Dataset records:
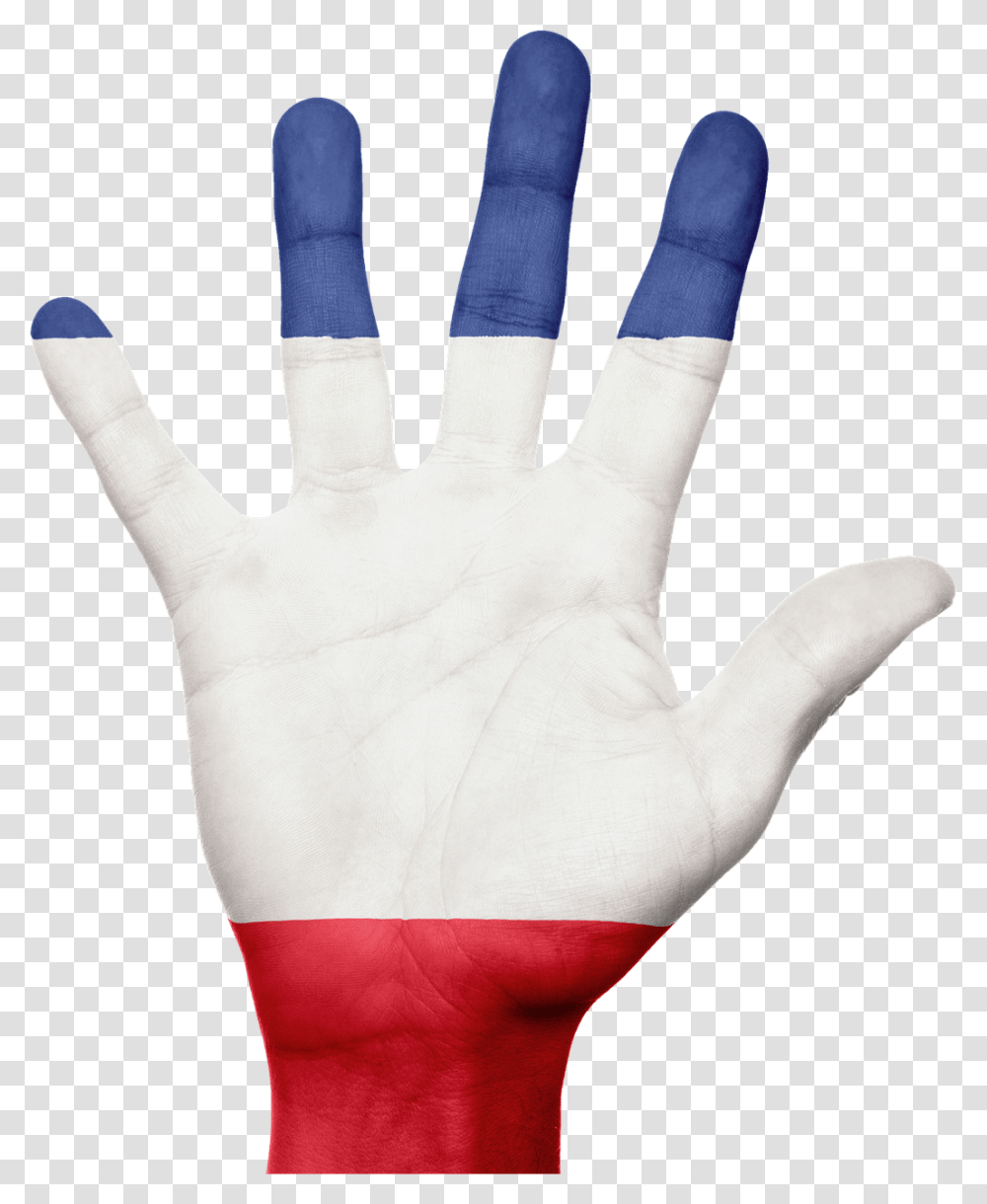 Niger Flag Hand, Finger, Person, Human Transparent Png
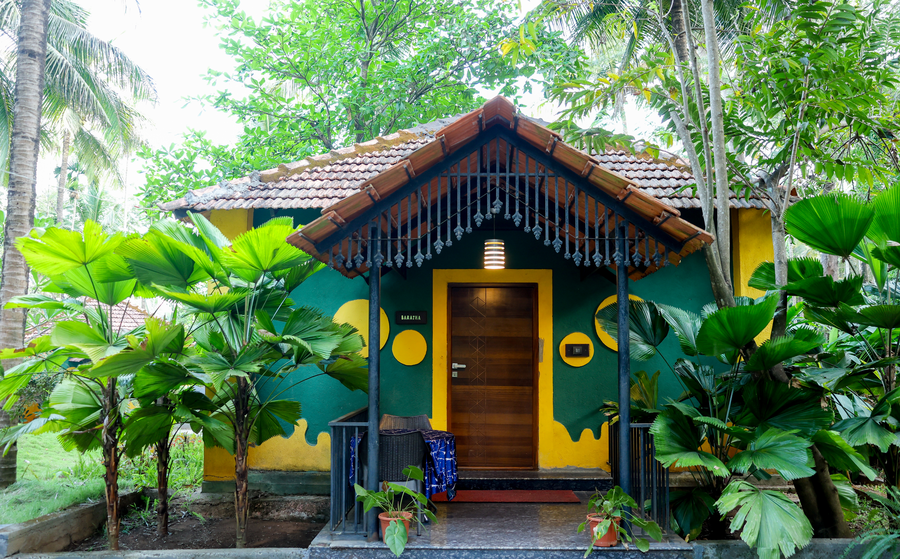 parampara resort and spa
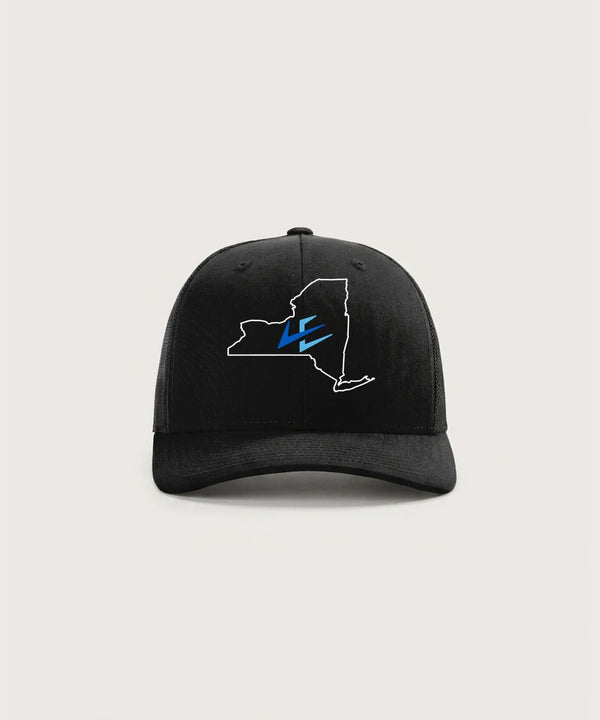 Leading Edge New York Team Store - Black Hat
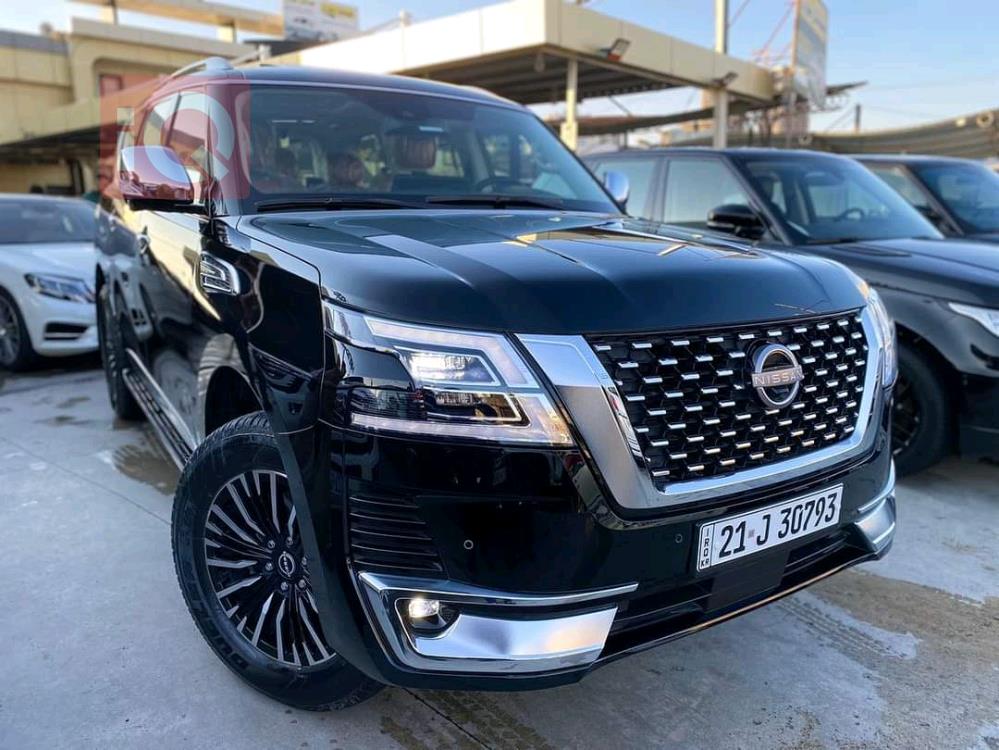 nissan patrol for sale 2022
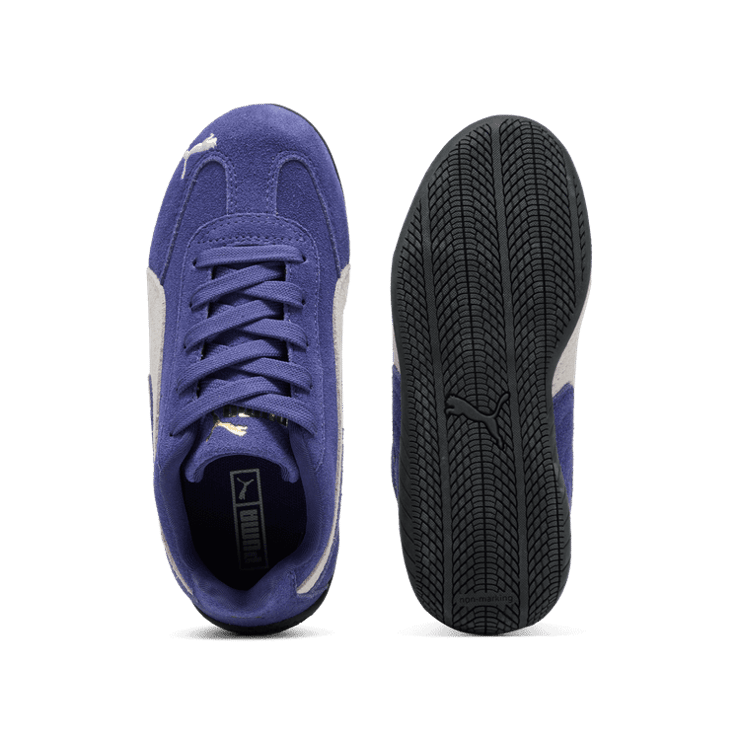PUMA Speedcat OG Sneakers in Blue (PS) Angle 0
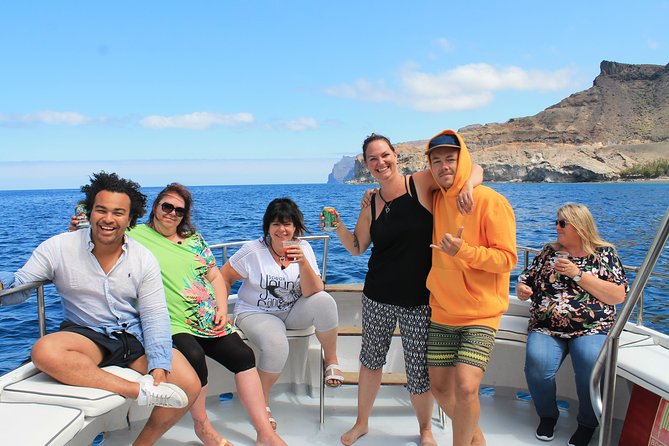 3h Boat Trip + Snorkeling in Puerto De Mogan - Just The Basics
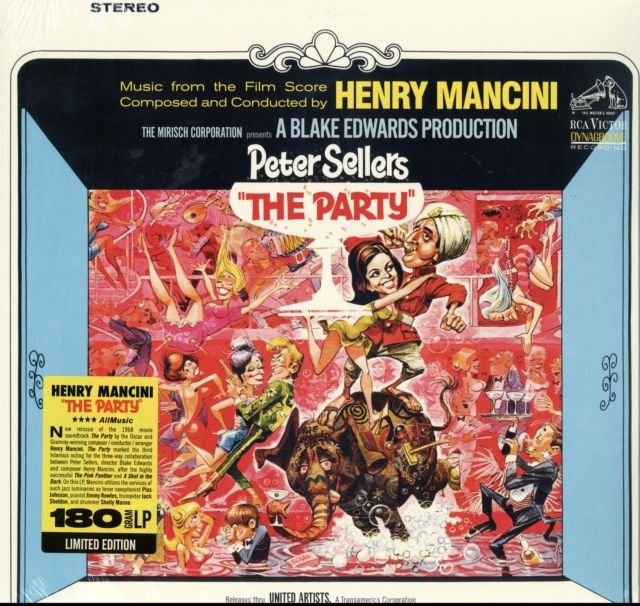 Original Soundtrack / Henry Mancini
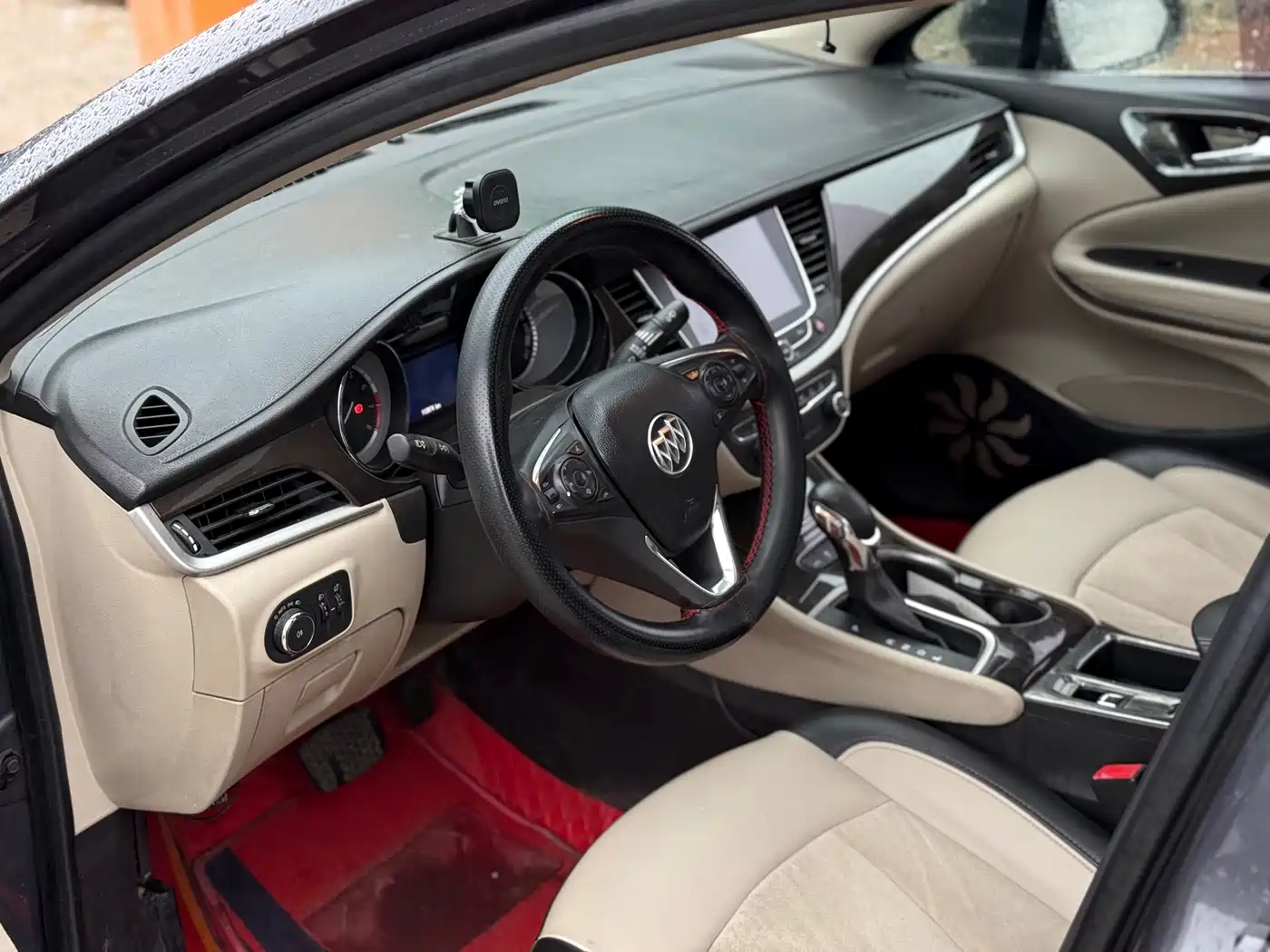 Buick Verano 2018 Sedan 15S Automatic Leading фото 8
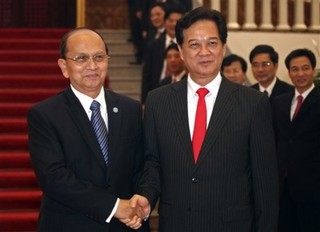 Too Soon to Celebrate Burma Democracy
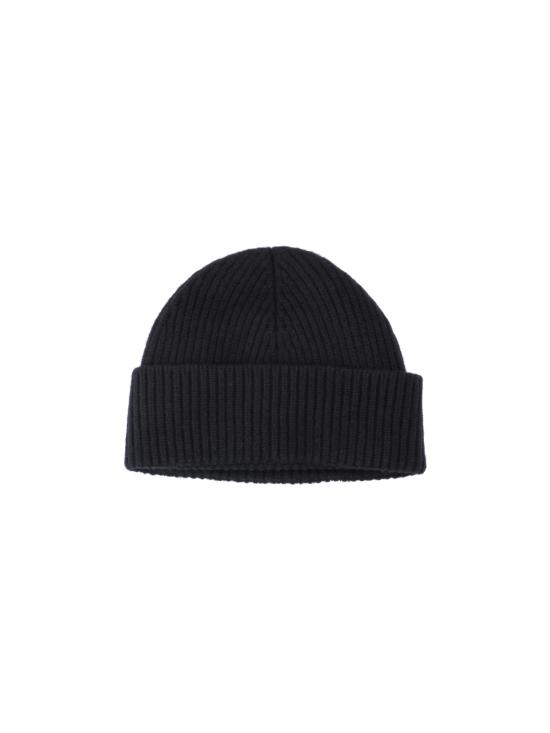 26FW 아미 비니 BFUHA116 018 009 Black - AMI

Requirement: Could you write out the records again exactly, without any of their pictures?

Exercise result:
 Niger Flag Hand, Finger, Person, Human Transparent Png
 parampara resort and spa
 Leading Edge New York Team Store - Black Hat
 nissan patrol for sale 2022
PUMA Speedcat OG Sneakers in Blue (PS) Angle 0
 3h Boat Trip + Snorkeling in Puerto De Mogan - Just The Basics
 Original Soundtrack / Henry Mancini
 Buick Verano 2018 Sedan 15S Automatic Leading фото 8
 Too Soon to Celebrate Burma Democracy
 26FW 아미 비니 BFUHA116 018 009 Black - AMI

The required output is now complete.